> _Description of the task_
Without including any pictures, please copy every entry below exactly.

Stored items
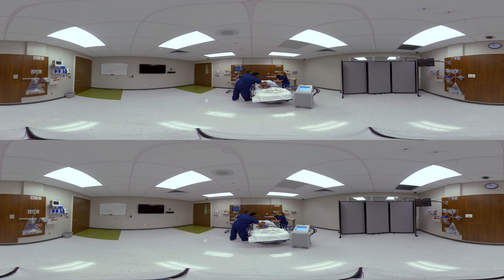Next, we're going to log roll him to the side towards you and we'll place another pad on his back.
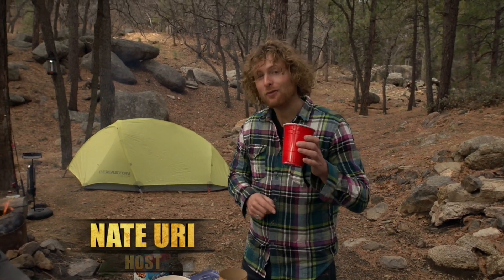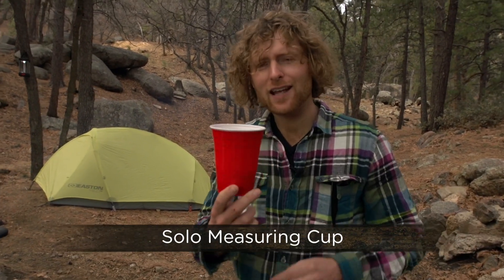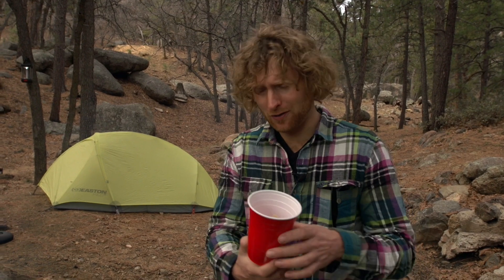Here's a really fun tip. You probably have one of these cups laying around your campsite. You see all these lines on here? They tend to mean something — they're not just there for show.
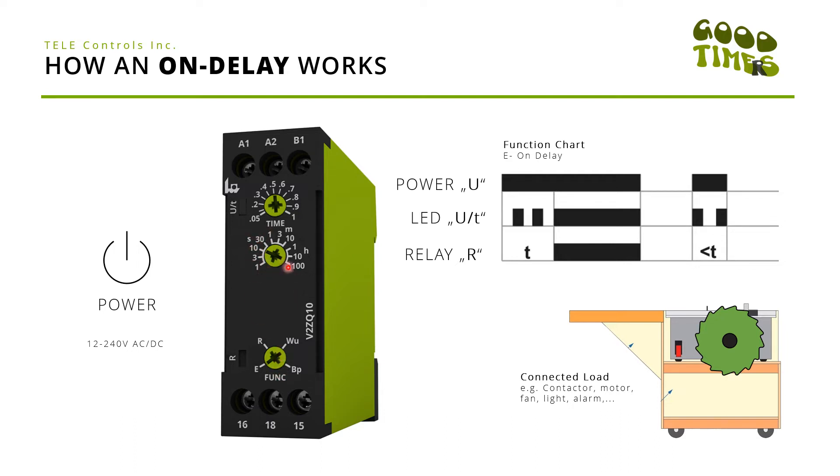The 10-second end range is also able to go all the way to 100 hours, so we're fully flexible on this timer. The top dial gives you the opportunity to adjust the fine time range of that end range, so if you set this one to 0.5 it will lead to a five-second on-delay, because we selected function E, 10-second end range, and then 0.5 here.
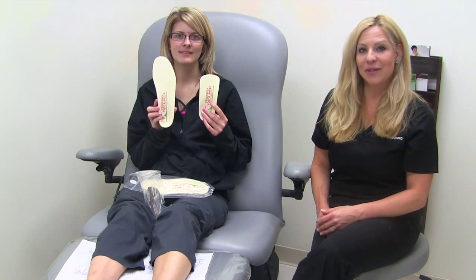These orthotics are designed by a podiatrist. They are super thin, lightweight, sturdy and durable. The great thing about them is they are not as costly as custom orthotics.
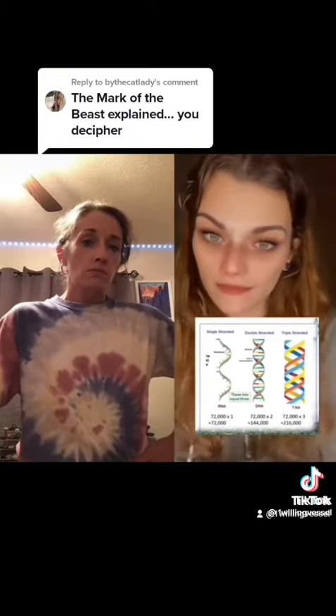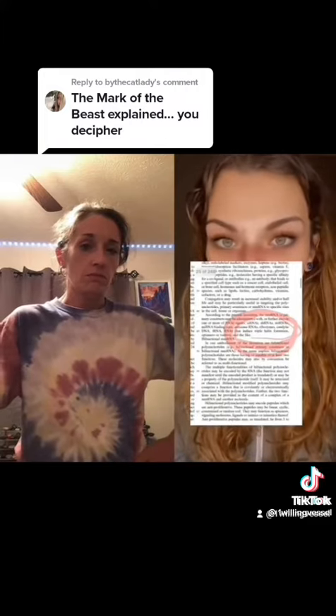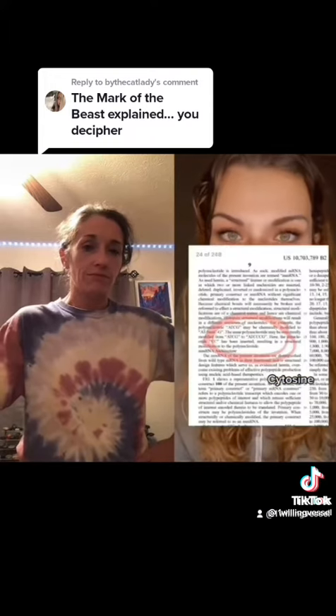Now the magic potion — if you actually read the patents — it is adding a triple helix. It is adding more of this, which comes from a meteorite or a fallen star.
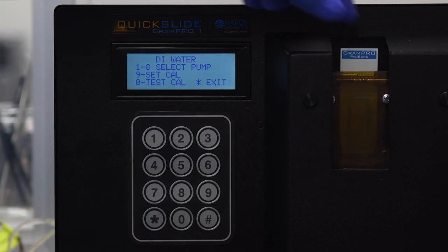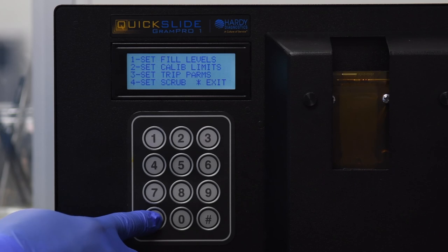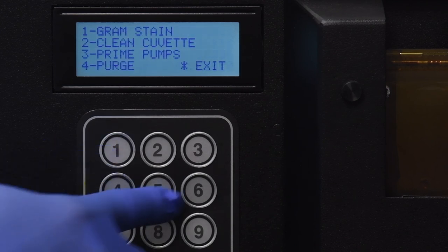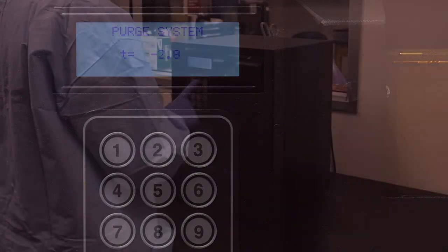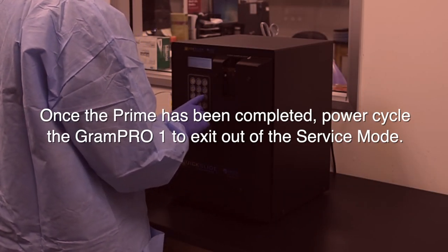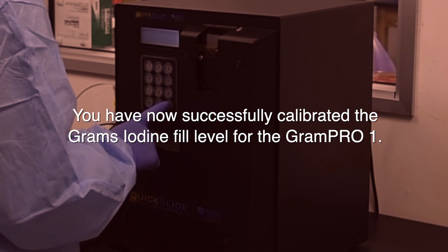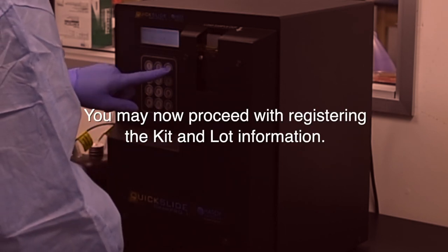You may now remove the slide from the cuvette. Proceed back to the main menu by pressing star to select Exit. Once on the main menu, press 1 to select Run, press 3 to select Prime Pumps. Once the prime has been completed, power cycle the Gram Pro 1 to exit out of service mode. You have now successfully calibrated the grams iodine fill level. You may now proceed with registering the kit and lot information.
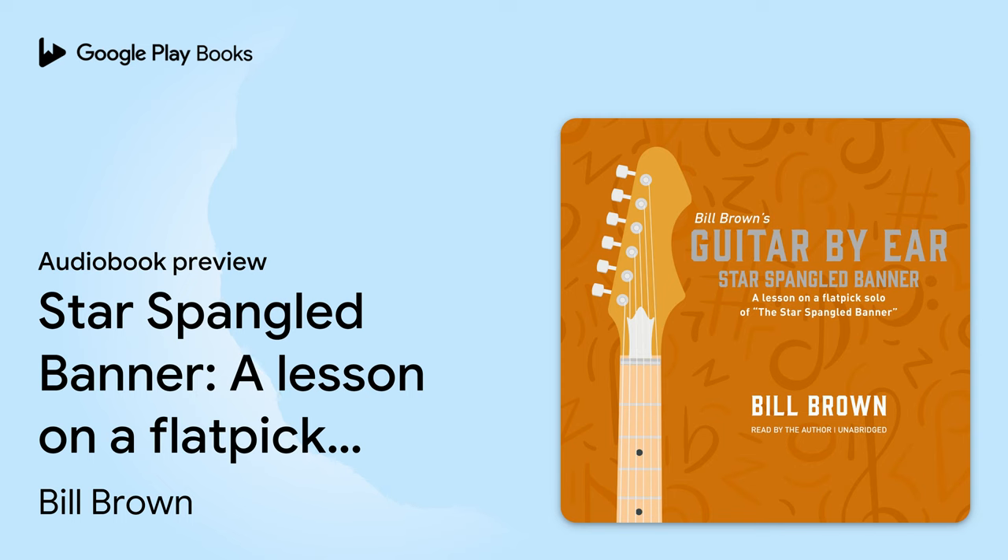Hello, this is Bill Brown, and this is the Guitar By Ear instructional recording for The Star Spangled Banner, and this will be a level one arrangement of the song. Before we start learning to play it, let me play through the arrangement for you, and that will give you a demonstration recording you can practice with, then we'll get tuned up, and then I'll teach you how to play it.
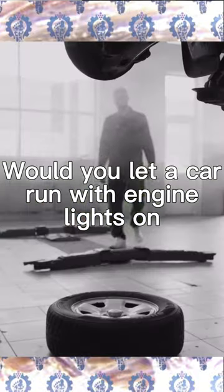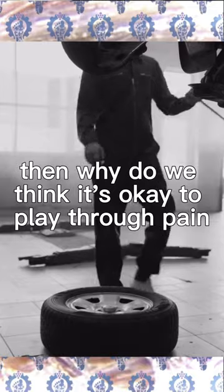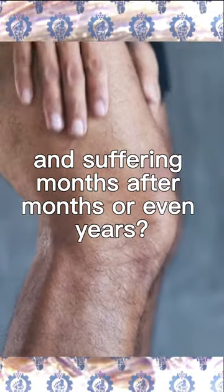Would you let a car run with engine lights on? Or fly tires? If the answer is no, then why do we think it's okay to play through pain and suffering month after month, or even years?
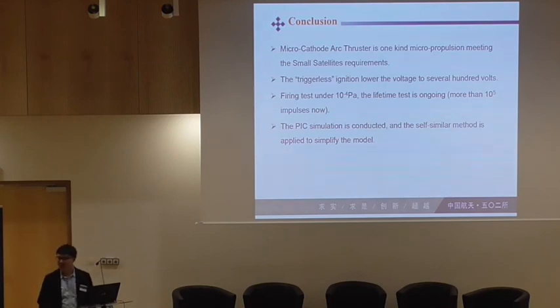Question: What is the nominal thrust that you can generate with the thruster? Response: The thrust? We haven't measured the thrust yet, because the balance is not accurate enough to measure the micro-Newton-second level impulse. That's why we haven't finished that measurement yet.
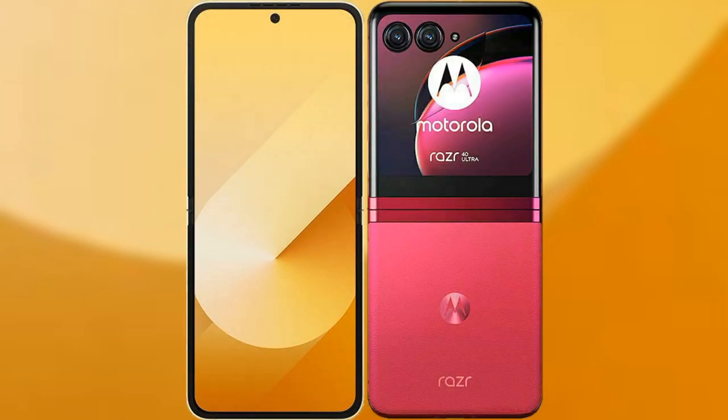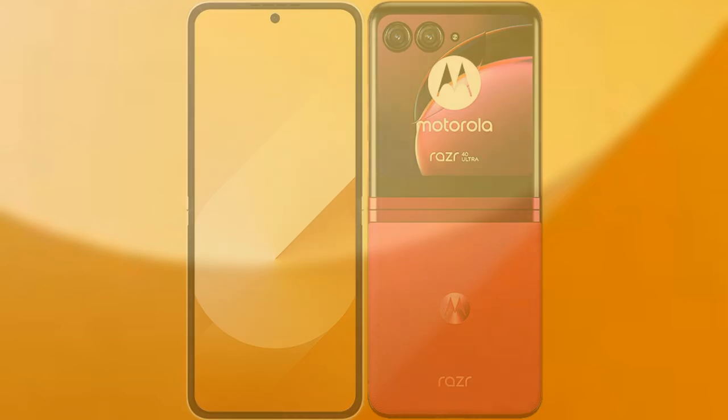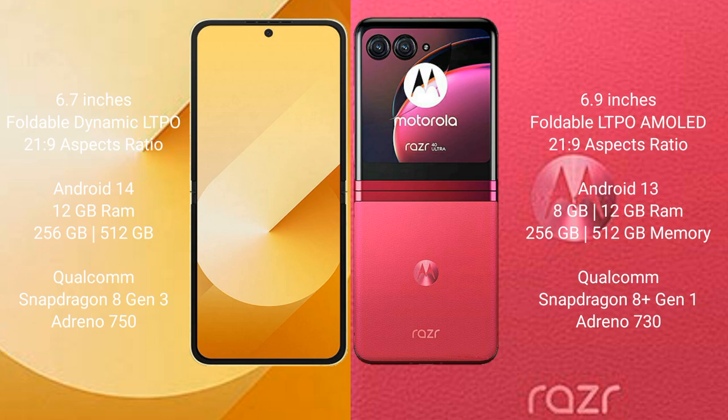I will compare the new Samsung Galaxy Z Flip 6 with Motorola Razr 40 Ultra. Samsung Galaxy Z Flip 6 comes with a 6.7-inch foldable dynamic LTPO AMOLED display with an aspect ratio of 21.9. Motorola Razr 40 Ultra has a 6.9-inch foldable LTPO AMOLED display with an aspect ratio of 21.9.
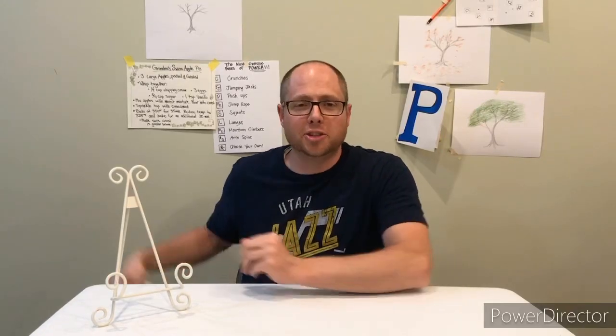Hey everybody, welcome to Coach Johnson's PE time. We all know that PE stands for participation education, and today I'm going to educate you on how you can participate in a really fun game that the whole family can play.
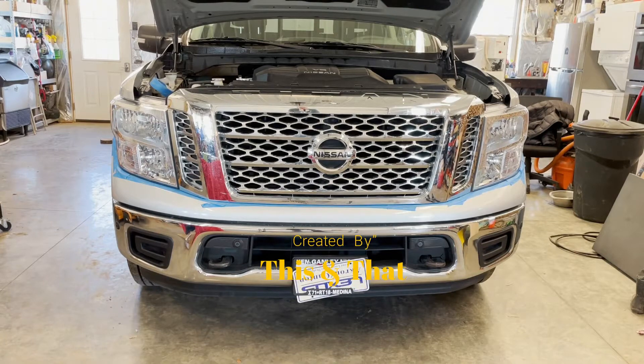Today on this and that, we're going to be removing the grill on a Nissan Titan. I'll walk you through it real quick. As a precautionary step, I went ahead and used blue painter's tape to tape up all the painted parts of the vehicle before removing the grill.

> _Answer space_
Next, we're going to log roll him to the side towards you and we'll place another pad on his back.
Here's a really fun tip. You probably have one of these cups laying around your campsite. You see all these lines on here? They tend to mean something — they're not just there for show.
The 10-second end range is also able to go all the way to 100 hours, so we're fully flexible on this timer. The top dial gives you the opportunity to adjust the fine time range of that end range, so if you set this one to 0.5 it will lead to a five-second on-delay, because we selected function E, 10-second end range, and then 0.5 here.
These orthotics are designed by a podiatrist. They are super thin, lightweight, sturdy and durable. The great thing about them is they are not as costly as custom orthotics.
Now the magic potion — if you actually read the patents — it is adding a triple helix. It is adding more of this, which comes from a meteorite or a fallen star.
You may now remove the slide from the cuvette. Proceed back to the main menu by pressing star to select Exit. Once on the main menu, press 1 to select Run, press 3 to select Prime Pumps. Once the prime has been completed, power cycle the Gram Pro 1 to exit out of service mode. You have now successfully calibrated the grams iodine fill level. You may now proceed with registering the kit and lot information.
Hello, this is Bill Brown, and this is the Guitar By Ear instructional recording for The Star Spangled Banner, and this will be a level one arrangement of the song. Before we start learning to play it, let me play through the arrangement for you, and that will give you a demonstration recording you can practice with, then we'll get tuned up, and then I'll teach you how to play it.
Would you let a car run with engine lights on? Or fly tires? If the answer is no, then why do we think it's okay to play through pain and suffering month after month, or even years?
Question: What is the nominal thrust that you can generate with the thruster? Response: The thrust? We haven't measured the thrust yet, because the balance is not accurate enough to measure the micro-Newton-second level impulse. That's why we haven't finished that measurement yet.
I will compare the new Samsung Galaxy Z Flip 6 with Motorola Razr 40 Ultra. Samsung Galaxy Z Flip 6 comes with a 6.7-inch foldable dynamic LTPO AMOLED display with an aspect ratio of 21.9. Motorola Razr 40 Ultra has a 6.9-inch foldable LTPO AMOLED display with an aspect ratio of 21.9.
Hey everybody, welcome to Coach Johnson's PE time. We all know that PE stands for participation education, and today I'm going to educate you on how you can participate in a really fun game that the whole family can play.
Today on this and that, we're going to be removing the grill on a Nissan Titan. I'll walk you through it real quick. As a precautionary step, I went ahead and used blue painter's tape to tape up all the painted parts of the vehicle before removing the grill.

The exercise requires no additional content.